What you will do ▸
In the entries that follow, find the line containing "Visit Perrine Buick" and the line containing "The flowers produce", then retype exactly the lines from the first through the second, pictures excluded.

Records for this task ▸
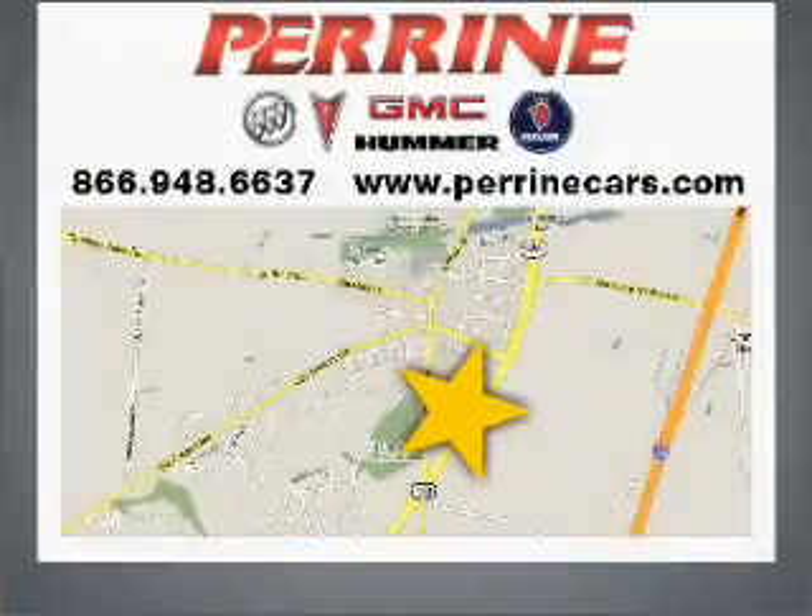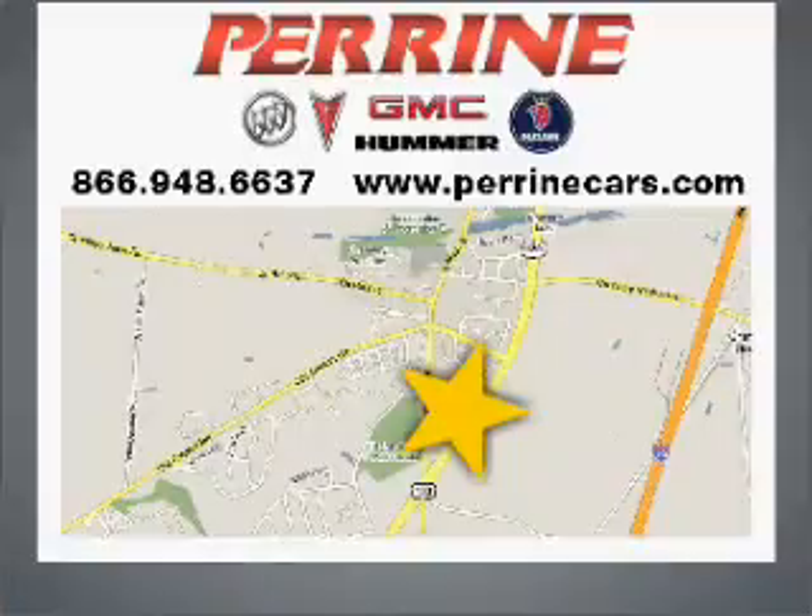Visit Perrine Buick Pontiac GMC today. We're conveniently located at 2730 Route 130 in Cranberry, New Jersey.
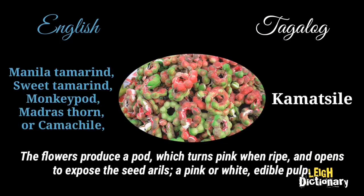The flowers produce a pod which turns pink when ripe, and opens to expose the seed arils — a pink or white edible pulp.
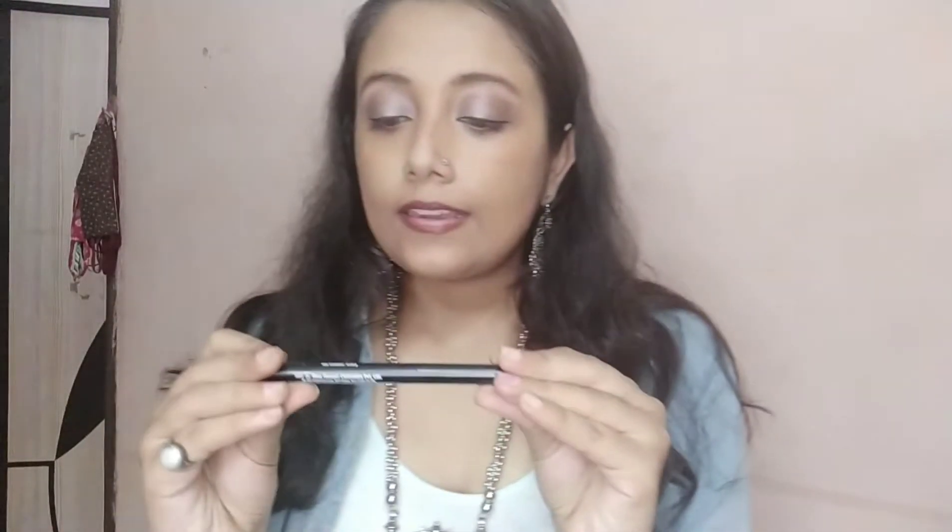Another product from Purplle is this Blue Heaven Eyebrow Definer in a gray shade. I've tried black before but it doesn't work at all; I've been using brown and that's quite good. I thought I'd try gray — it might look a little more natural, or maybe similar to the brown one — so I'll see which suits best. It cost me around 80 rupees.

--

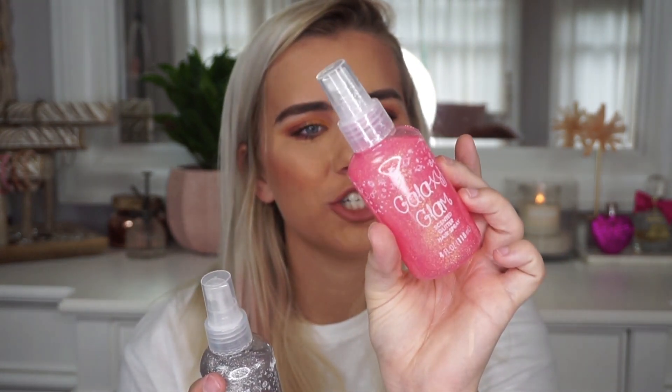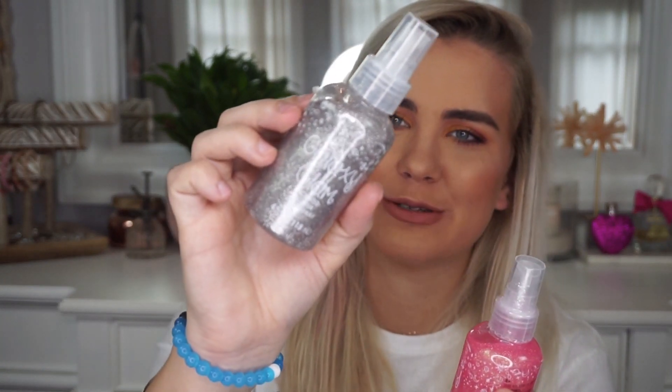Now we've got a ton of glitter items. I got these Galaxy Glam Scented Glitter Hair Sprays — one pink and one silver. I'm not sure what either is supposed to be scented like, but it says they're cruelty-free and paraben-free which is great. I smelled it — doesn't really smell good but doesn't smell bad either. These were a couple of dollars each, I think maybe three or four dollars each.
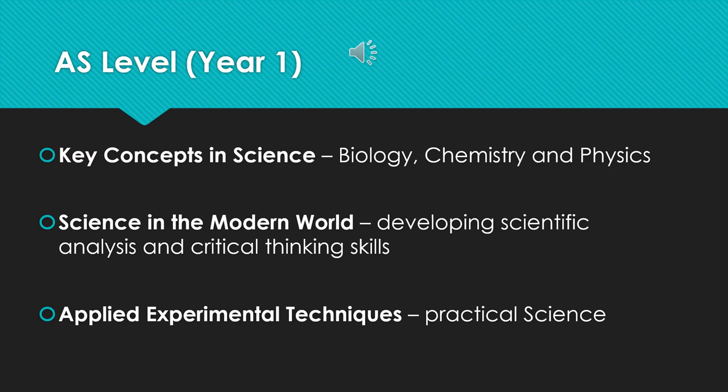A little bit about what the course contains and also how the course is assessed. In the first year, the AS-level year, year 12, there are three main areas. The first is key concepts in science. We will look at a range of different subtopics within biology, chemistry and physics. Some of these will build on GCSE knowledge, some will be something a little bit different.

Result of the task ▸
Visit Perrine Buick Pontiac GMC today. We're conveniently located at 2730 Route 130 in Cranberry, New Jersey.
The flowers produce a pod which turns pink when ripe, and opens to expose the seed arils — a pink or white edible pulp.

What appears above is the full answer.